Director: David Lynch
(WARNING: Contains spoilers) In a recent poll, more than 100 film critics and bloggers voted David Lynch’s enigmatic Mulholland Drive as the best film of the decade, which I found, admittedly, a bit suprising. I say suprising because Lynch films are often met with sharp divisions of love and hate, usually with no middle ground to speak of, so for a film of his to gather this much universal acclaim is certainly noteworthy. I am, in the end, happy Mulholland Drive was named the best film of the decade since I come down on the side of loving his films (OK, he’s my favorite director next to Luis Buñuel so maybe I’m a little biased). To me this unified declaration proves, decades into an amazing career, Lynch is still making deeply personal, and highly charged films that continue to burrow under the collective skin of film goers the world over.
Mulholland Drive along with Lost Highway (which shares many similar ideas on doppelgangers, alternate narratives/universes (see my previous review of Lost Highway) are two of my favorite Lynch films, although they were not always so. I enjoyed Lost Highway enough, but wasn’t struck by it like I was when I first saw Blue Velvet. A few years later when Mulholland Drive came out my response was pretty much the same. I had also been following the history of the film so I knew that it was originally a pilot developed for ABC which the network declined to accept for various reasons. Once Lynch got the rights back he shot more footage and expanded it into a movie. I think my knowledge of this clouded my initial response which was this: that the first hour was amazing and the second half not as engaging. In other words it felt like a pilot that was reworked into a feature film. There were plotlines and characters that felt like dead ends (even more so than the usual Lynch film), and I was left wishing this had actually been made into a series (I still do, just a bit).

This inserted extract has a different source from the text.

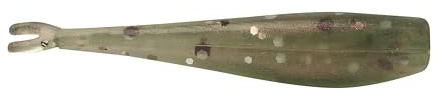 Berkley PowerBait® Minnow, Black Shad, 2 (18 Count)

It was only after talking to a friend at length about the film, his impressions of it, what he thought the ending meant, how it related to the rest of the story etc., that I rented and watched it with fresh eyes. I’ve watched it many times since then, and I have grown to not only admire this film, but really count it among my favorite in the Lynch cannon. This renewed interest prompted me to see Lost Highway again, and again and again, each time admiring both films that much more.
Unlike Blue Velvet and Wild at Heart, both of which struck me immediately, I needed more time warming up to Mulholland Drive and Lost Highway; the narratives that turn into themselves again and again, the endings that are really not endings but beginnings, they are two films that are more challenging, in the same way that Eraserhead and Inland Empire are challenging. They are not immediately accessible; they don’t reveal themselves upon first viewing; they are dense mysteries that may never be penetrated, and that’s OK because they may not need to be, they are often simply what they are upon first discovery: unabashedly bizarre, disconcerting, hypnotizing, utterly visceral experiences. Its languid pacing lures the viewer into a false sense of understanding which is routinely undermined by diversions and distractions of the main plot-line. The visuals are luscious and lurid as usual, a phantasmagoric welling of Technicolor seediness that often boarders on madness. Mulholland Drive is the perfect culmination of ideas that Lynch started with in Lost Highway, sans the overwhelming menace of the latter. True, there is menace here, just under the surface, but there is also joy and sadness, and a strange sense of calm that envelopes Betty in the final scene of the film. There is redemption in Betty’s face, she is full of promise, echoing that of the beginning of the film.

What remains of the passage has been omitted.